## [What you will do]
Would you copy the lines below exactly and omit the images?

## [Given data]
_ _ _ _ _ _ _

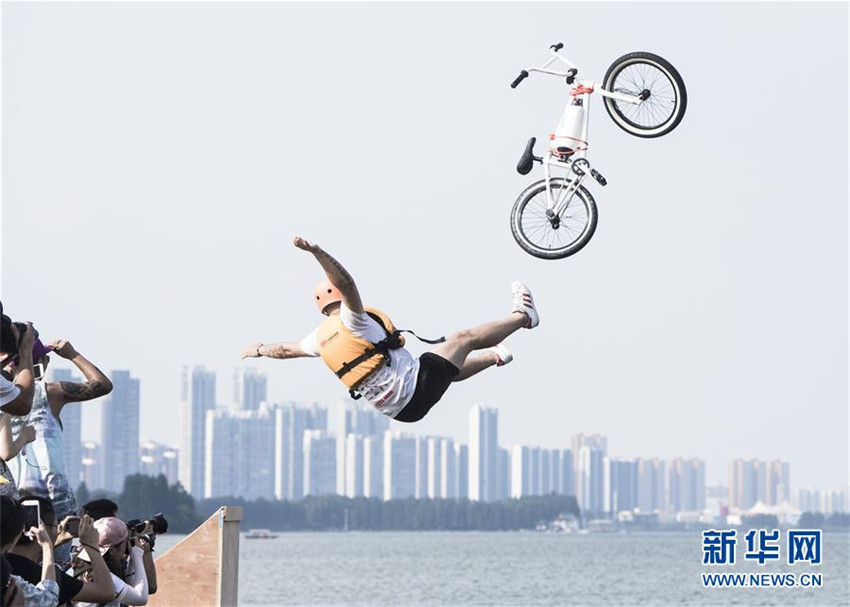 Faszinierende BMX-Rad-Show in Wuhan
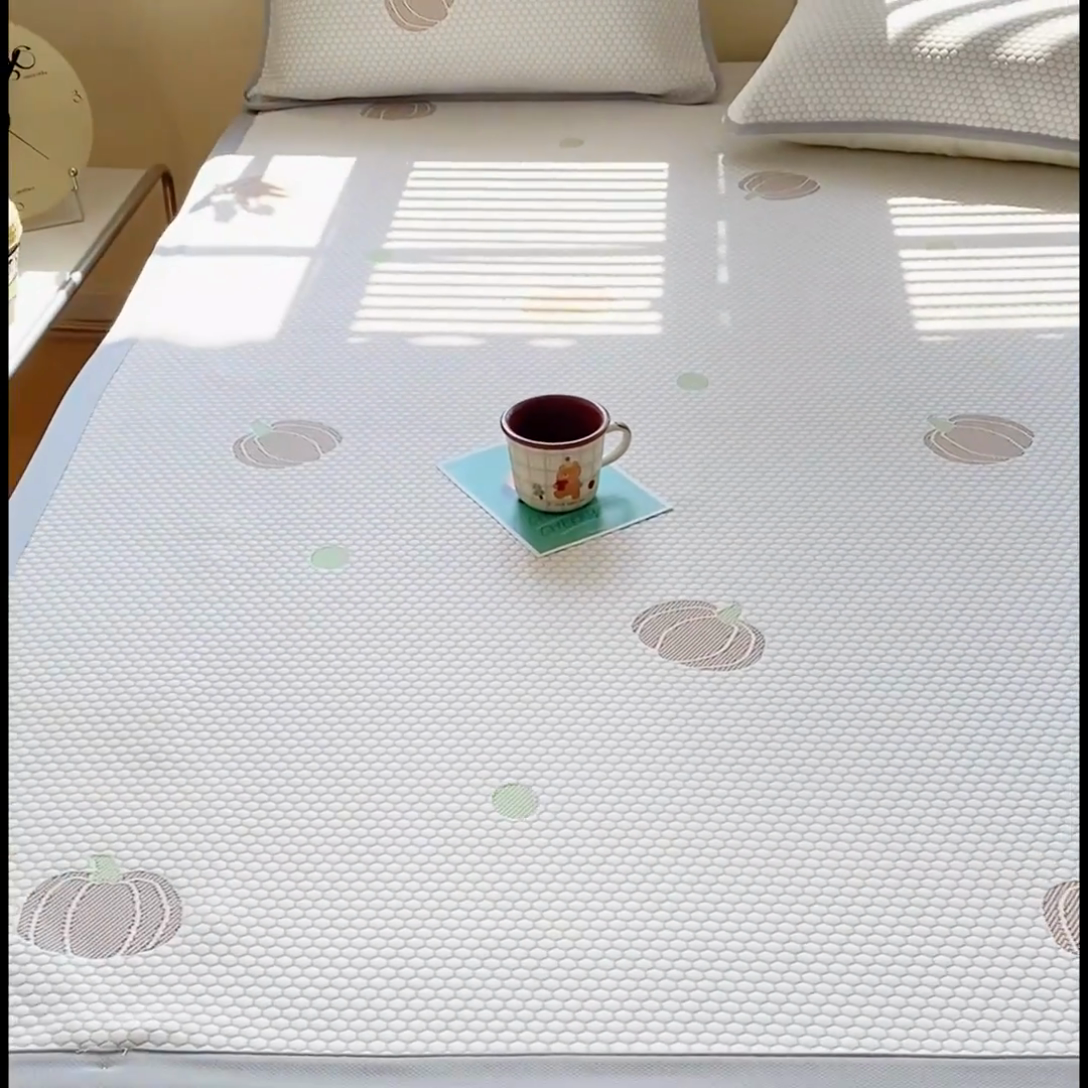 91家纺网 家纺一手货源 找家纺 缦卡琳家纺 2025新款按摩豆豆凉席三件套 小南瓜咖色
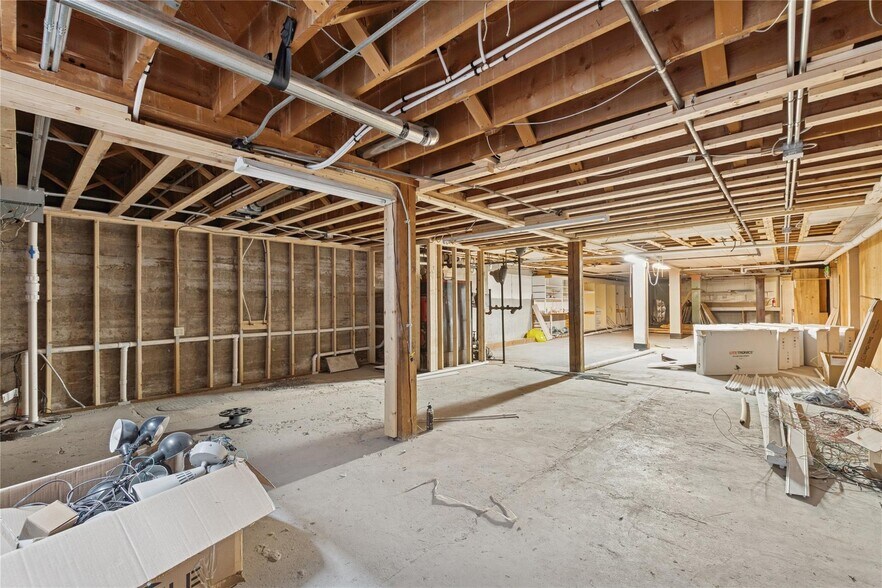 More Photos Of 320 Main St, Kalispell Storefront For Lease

_ _ _ _ _ _ _

## [Reply to the task]
 Faszinierende BMX-Rad-Show in Wuhan
 91家纺网 家纺一手货源 找家纺 缦卡琳家纺 2025新款按摩豆豆凉席三件套 小南瓜咖色
 More Photos Of 320 Main St, Kalispell Storefront For Lease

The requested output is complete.